Boiling in water like pasta
Food & Wine / Photo by Robby Lozano / Food Styling by Renu Dhar
Cook Time: 10 minutes
Total Time: 1 hour
Rating: 6/10
Method: Bring a large pot of water to a boil and add prepared rice. Boil until rice is evenly cooked, stirring occasionally, about 10 minutes. This is exactly how you would cook pasta, though you’ll need to strain the rice through a fine mesh strainer to avoid losing it in the sink. Transfer the rice back to the pot, cover for 5 minutes, and then fluff with a fork.
Results: This method produced well-cooked grains of rice that did not clump together. The exterior of the rice grains were dryer on the surface but they retained their shape well without being mushy. Testers said the grains of rice were evenly tender through the center.
Pros: While boiling rice scored lowest on our list, it wasn’t exactly a bad method. Testers liked that it was so simple, especially when cooking a large quantity of rice at once. The grains of rice do not clump, which is ideal for certain applications like rice salads.
Cons: The biggest disadvantage in this method is simply the lack of flavor. When you drain the rice, you effectively drain away the flavor.

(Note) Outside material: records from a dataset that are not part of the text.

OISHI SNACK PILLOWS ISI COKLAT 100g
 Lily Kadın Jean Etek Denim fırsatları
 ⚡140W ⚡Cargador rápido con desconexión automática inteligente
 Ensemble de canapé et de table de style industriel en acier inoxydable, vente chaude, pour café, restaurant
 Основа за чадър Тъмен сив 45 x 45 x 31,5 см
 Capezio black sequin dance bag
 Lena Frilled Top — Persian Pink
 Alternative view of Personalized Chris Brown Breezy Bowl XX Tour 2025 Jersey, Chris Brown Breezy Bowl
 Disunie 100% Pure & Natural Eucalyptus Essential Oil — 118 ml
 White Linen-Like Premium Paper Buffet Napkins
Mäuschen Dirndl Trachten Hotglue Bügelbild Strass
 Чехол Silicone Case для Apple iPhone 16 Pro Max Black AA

And there are many situations where you will want rice to remain a little sticky; this method simply won’t work in those dishes.
Using a programmable electric pressure cooker
Food & Wine / Photo by Robby Lozano / Food Styling by Renu Dhar
Cook Time: 30 minutes
Total Time: 1 hour, 15 minutes
Rating: 6/10
Method: Place rinsed rice, water, and salt in a programmable multicooker, like an Instant Pot, cover and lock with a lid, then pressure cook on high for 8 minutes. It will take about 10 minutes for the pressure cooker to come up to the appropriate pressure before the cooking process begins. Let the pressure release naturally, which will take another 10 minutes. Remove lid, fluff with a fork, and serve.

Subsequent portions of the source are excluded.